Yes, In my previous job I managed a server for 2 years without much problems or support, but it is not trivial.
It is good thing that you recognize that. If you are moving to a clinical setting you will almost certainly not be allowed to administer any critical systems on your own. Which is good because you should let those who's day job is "systems administrators" do that while you focus on doing research/diagnostic work.
I was already in a clinical setting (but the resources were only for research like in my current position) and was approved by the IT manager (after we couldn't use the institutional one). I wish I could do that and "forget" about administrating a system. But as a "pet bioinformatician" it is impossible without institutional support. Thanks for the advices!

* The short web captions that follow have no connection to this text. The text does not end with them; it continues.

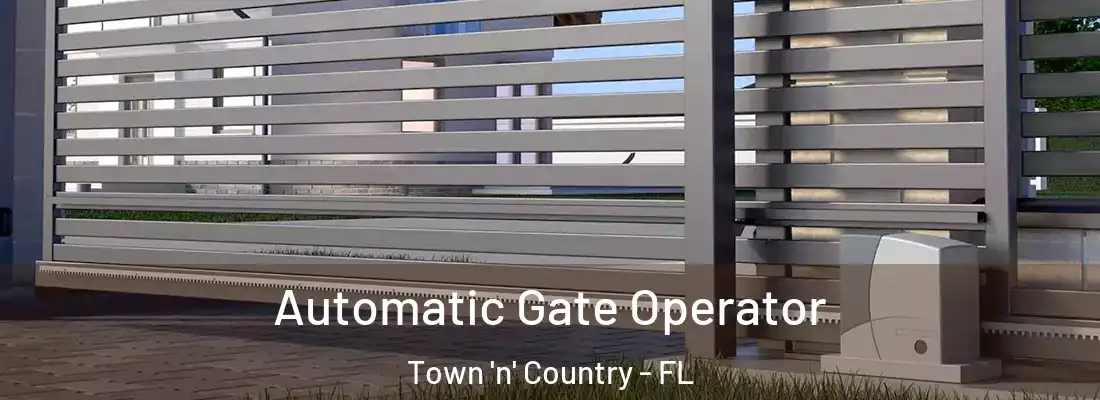  Automatic Gate Operator Town 'n' Country - FL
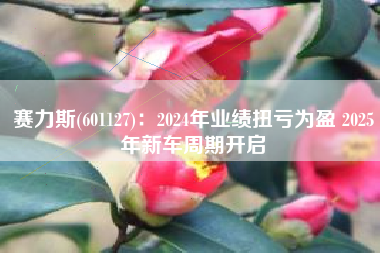 赛力斯(601127)：2024年业绩扭亏为盈 2025年新车周期开启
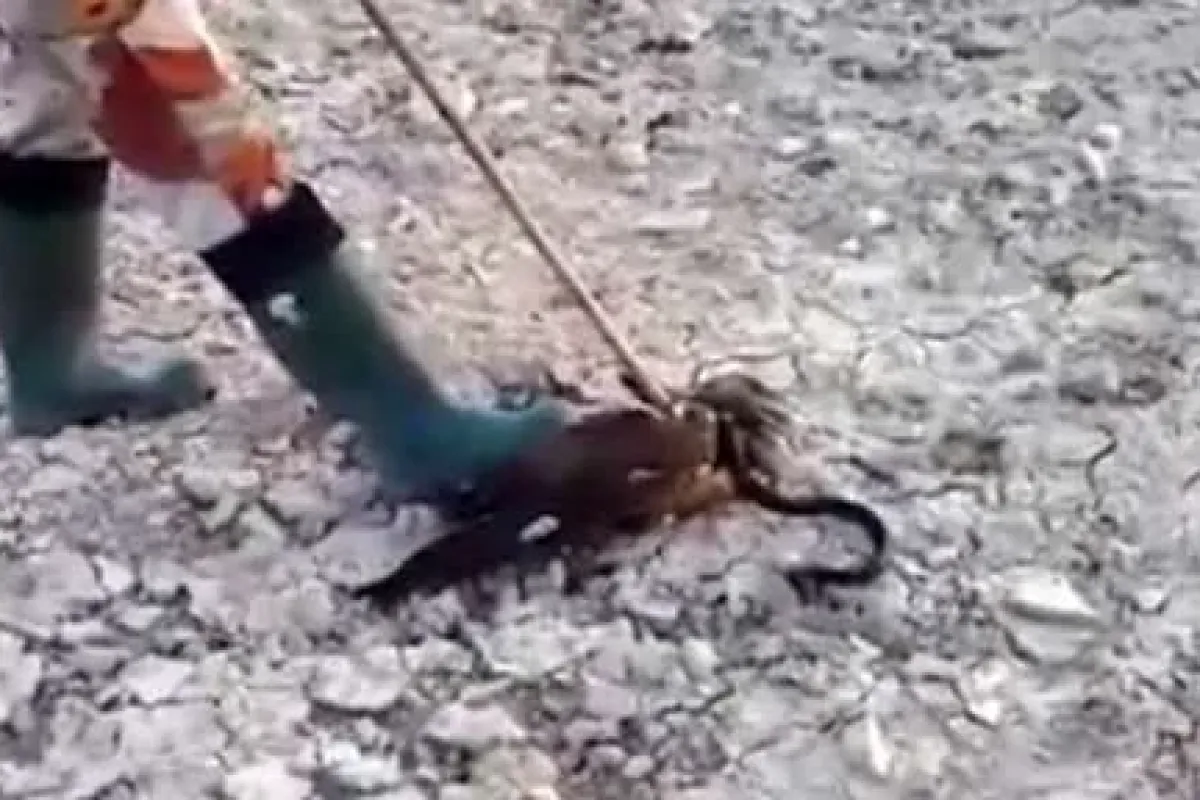Yılan şahine Dolandı Ama ... !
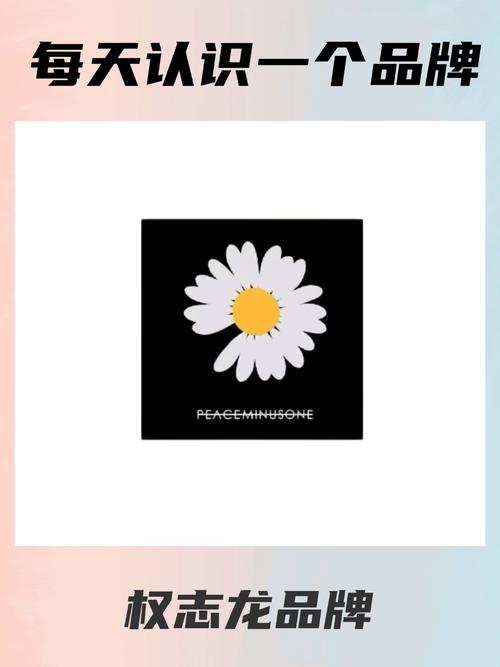 雏菊资讯正版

What is preventing you from having a balanced mix of both? Split the budget, get some hardware to run locally, and get a subscription/contract with a cloud compute provider using the rest of the money.
Nothing, and I probably will end up combining both my problem is how to balance that. I need a PC to analyze or at least explore whatever I do in the cloud. I want to maximize the value of a good PC enough for current and forseable time and a cloud solution be in a company or at the institution.
The question of how to balance the budget allocation between the two would primarily depend upon how much money you have available and how it is allocated over time. Does your institution have some pre-existing computational resources already? Maybe you could collect a couple of PC towers that are no longer in use and set up a Slurm cluster on that? Then you have a (well, acceptable but probably inefficient) local compute resource that should be able to handle at least some bioinformatics work (no GPU stuff unless the machines have dedicated GPUs obviously), and you can preferentially allocate your budget towards whatever else you see fit?
There is no pre-existing computation resource yet (neither at the group or the institution level). I will ask the IT team and other bioinformaticians about pooling PCs together or how do they see this. Thanks!